Daggett v. State
This text of 492 S.W.2d 583 (Daggett v. State) is published on Counsel Stack Legal Research, covering Court of Criminal Appeals of Texas primary law. Counsel Stack provides free access to over 12 million legal documents including statutes, case law, regulations, and constitutions.
Opinion
OPINION
This is an appeal from a conviction for the possession of marihuana. Appellant entered a plea of nolo contendere; the court assessed the punishment at four years.
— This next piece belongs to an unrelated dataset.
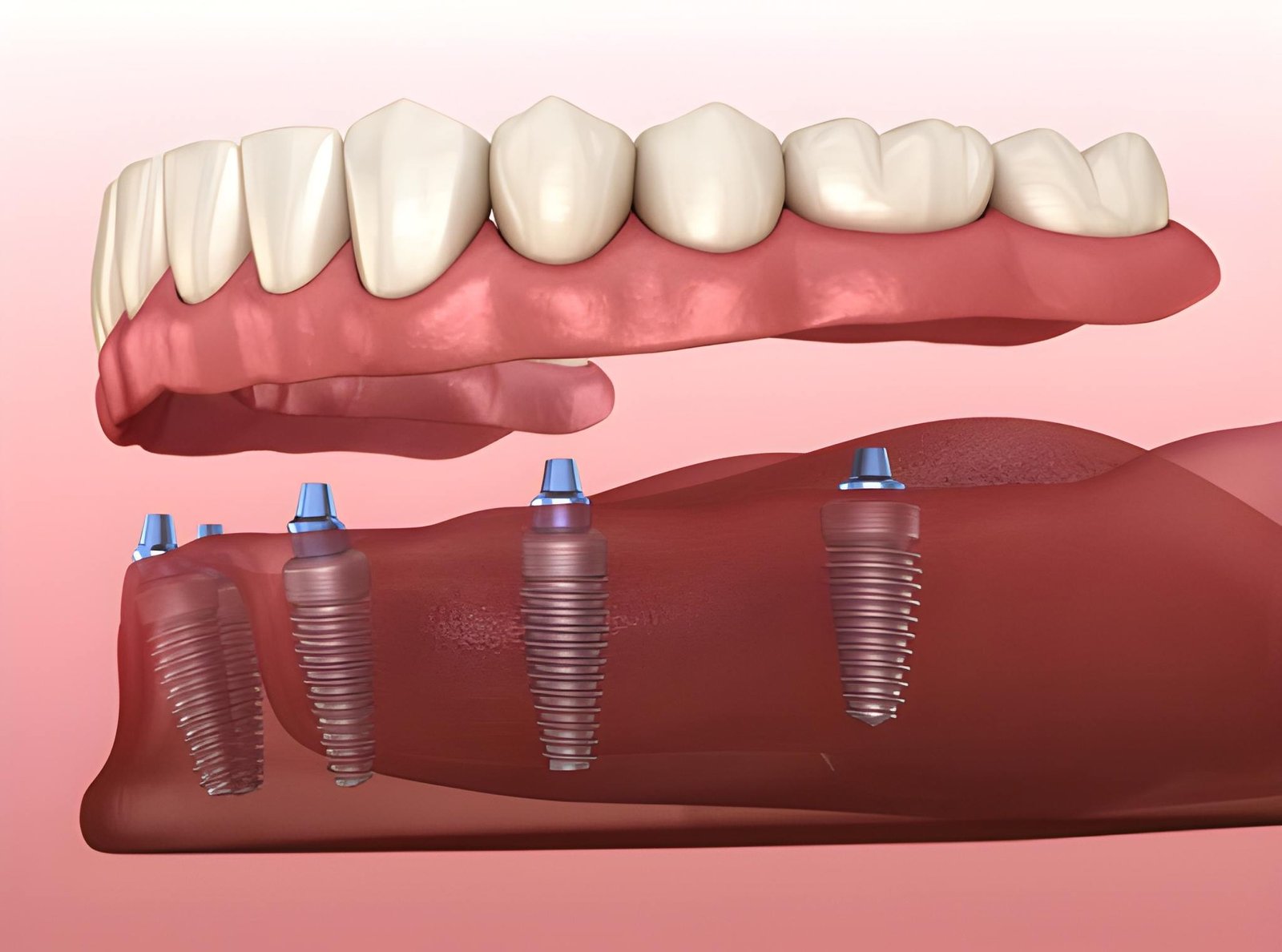 Single Implant vs All-on-4: Which Is Right for Your Situation?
Complaint is made that the stipulation is insufficient. The authorities relied upon were under Article 1.15, Vernon’s Ann.C.C.P., before it was amended in 1971. A written agreement to stipulate was signed by appellant and his counsel. The prosecutor summarized the evidence which was introduced on the motion to suppress. The evidence introduced as State’s Exhibits 1 and 2 on the motion to suppress in the record and at the trial reflects that the appellant and others possessed some 93 pounds of marihuana. The stipulation contains a recital that each allegation in the indictment is true and correct. The stipulation complied with Article 1.15, supra, and the evidence is sufficient to support the conviction.
The contention that Article 725b, Vernon’s Ann.P.C., setting out the classification of marihuana as a narcotic drug, [584]*584is arbitrary and violative of the Fourteenth Amendment of the United States Constitution is overruled as it has been in many cases, e. g. Willoughby v. State, Tex.Cr.App., 481 S.W.2d 893.
Likewise, the complaint that the punishment of four years is cruel and unusual is overruled. Cook v. State, Tex.Cr.App., 467 S.W.2d 421; Parson v. State, Tex.Cr.App., 432 S.W.2d 89.1
No error is shown. The judgment is affirmed.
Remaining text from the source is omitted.